Phở expert speaking in Singapore
One of the coolest projects that my darling wife S and I enjoyed working on last year was the development of a series of public programs on food and culture for the National Museum of Singapore. All of the courses last year were sold out and all were loads of fun. We ran chocolate tastings with Valrhona’s regional pastry chef; had a bespoke mixologist run through the history of cocktails, accompanied by tastings of course; ran a very well-attended modern etiquette workshop; and got famed local foodie Christopher Tan to speak about the different ways that a mortar and pestle are used in Southeast Asian cuisine.

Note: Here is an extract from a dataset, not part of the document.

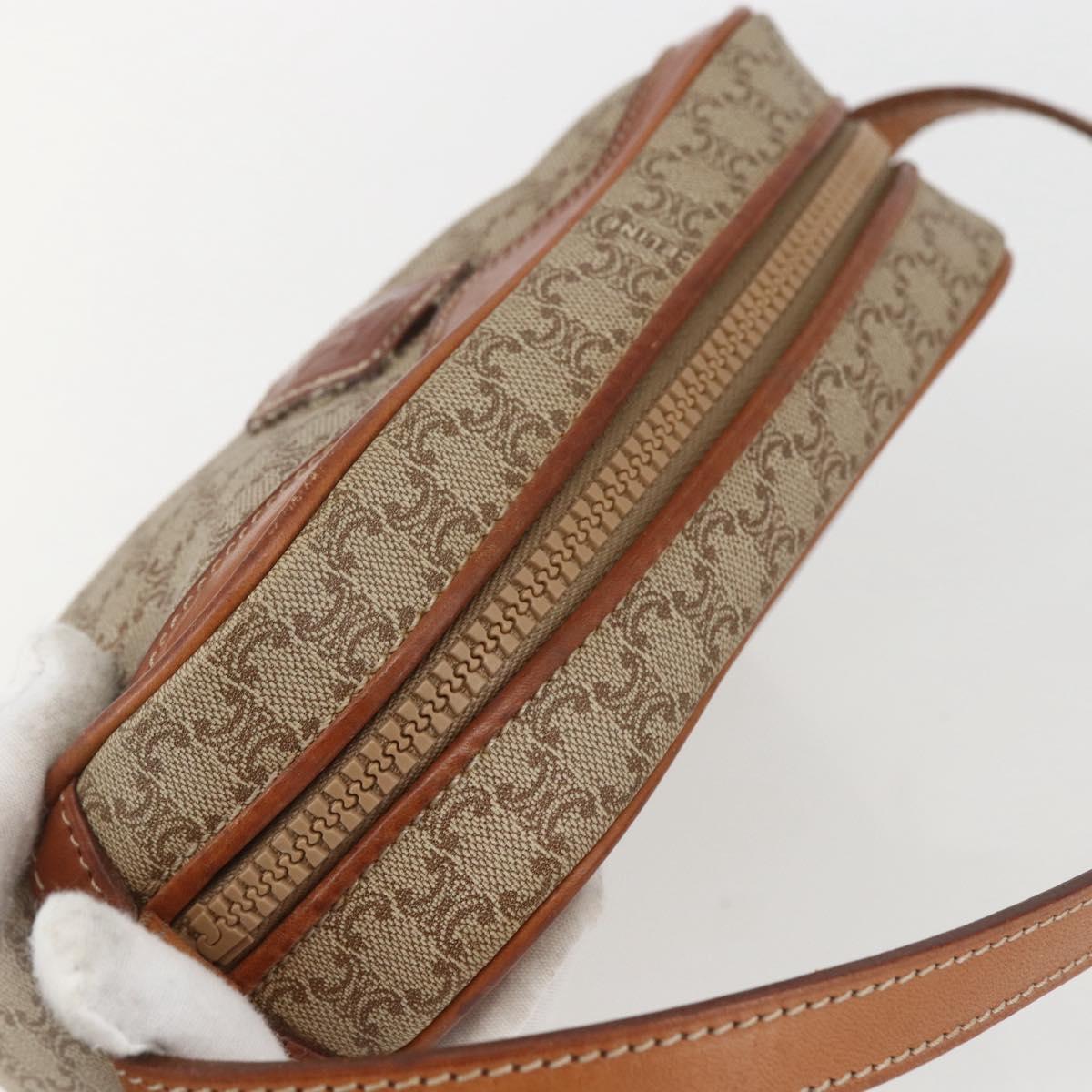 CELINE Macadam Canvas Shoulder Bag PVC Beige Gold Auth 158404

This April, we’re launching a whole new line-up of programs for 2008. Some of the most popular – like our chocolate tasting – will be repeated, but for the most part, many are brand new. Several are also tangentially linked to exhibitions that the Museum will be organizing. The very first event this year is titled “The Story of Phở, The Story of a Nation”.
I don’t know about you guys, but I love Phở. It’s a wonderful dish which, I have learnt over the years, has a rich history. For this inaugural lecture, we’ve invited one of the world’s foremost experts on Phở, Mr Cuong Phu Le, to fly up to Singapore from Australia, where he’s based, to speak about this beloved noodle soup dish.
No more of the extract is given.